Keberadaan azas ini belum dipermasalahkan, yang baru mulai dibicarakan adalah
berkaitan dengan titik singgung kewenangan. Hal itu dikemukakan antara lain
oleh Diani Sediawati dan Parwoto Wignjosumarto.
- Administrasi Pengadilan Niaga
Prinsip dasar Pengadilan Niaga yang diharapkan dapat
menjadi ciri khusus dari pengadilan ini, yaitu:
a.
Kesinambungan,
maksudnya Ketua Mahkamah Agung harus menjamin
terselenggaranya persidangan secara berkesinambungan.
b.
Persidangan
yang baik, maksudnya tersedianya prosedur Peradilan Niaga yang cepat, efektif,
dan terekam baik.
c.
Putusan
yang baik, yaitu harus tersedianya putusan yang tertulis yang memuat pertimbangan-pertimbangan
yang cukup mendasari putusan yang bersangkutan.
d.
Kearsipan
yang baik, maksudnya setiap putusan haruslah diberi arsip dengan baik dan
diterbitkan secara berkala.
Dari prinsip dasar yang dianut oleh
Pengadilan Niaga terlihat adanya pembaharuan hukum dan kebiasaan di kalangan
peradilan, yaitu adanya prinsip terbuka dengan dipublikasikan atau diterbitkan.

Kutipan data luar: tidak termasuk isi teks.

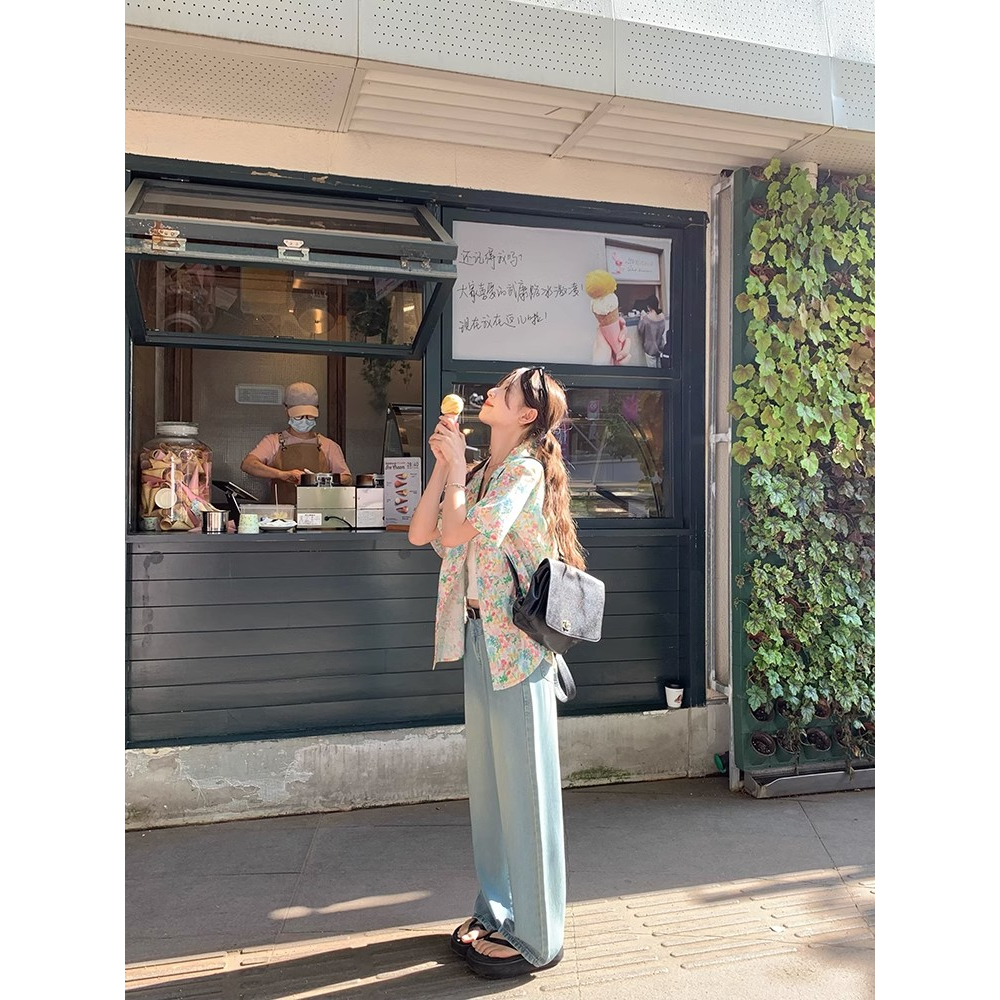 Áo Sơ Mi Cotton Ngắn Tay Dáng Rộng In Họa Tiết Hoa Sơn Dầu Phong Cách Mùa Hè Cho Nữ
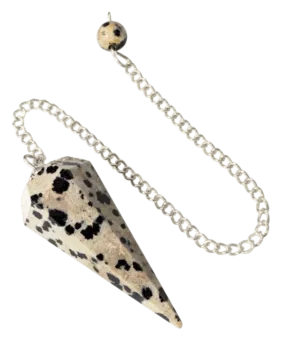 Pendule Jaspe Dalmatien Conique 6 faces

Hal itu memungkinkan semua orang untuk mengkajinya dan dapat memperoleh putusan
yang ada. Pembentukan Pengadilan Niaga diiringi dengan harapan agar dapat dijadikan
contoh Pengadilan baru Indonesia.
Dari segi administrasi terutama tentang arsip, Pengadilan Niaga dijadikan
pelopor bagi keterbukaan suatu pengadilan. Hal itu dilakukan dengan membuka
kemungkinan bagi berbagai pihak untuk dapat mempelajari isi putusan yang telah
dijatuhkan terhadap suatu perkara. Semua pihak yang merasa membutuhkan dapat
memperoleh putusan Pengadilan Niaga dari buku himpunan Putusan Pengadilan Niaga
yang telah diterbitkan. Sistem pengelolaan arsip dan publikasi hasil penelitian
tersebut didukung oleh biaya berperkara yang cukup tinggi, yaitu hampir 10
(sepuluh) kali lipat biaya perkara di Pengadilan Negeri.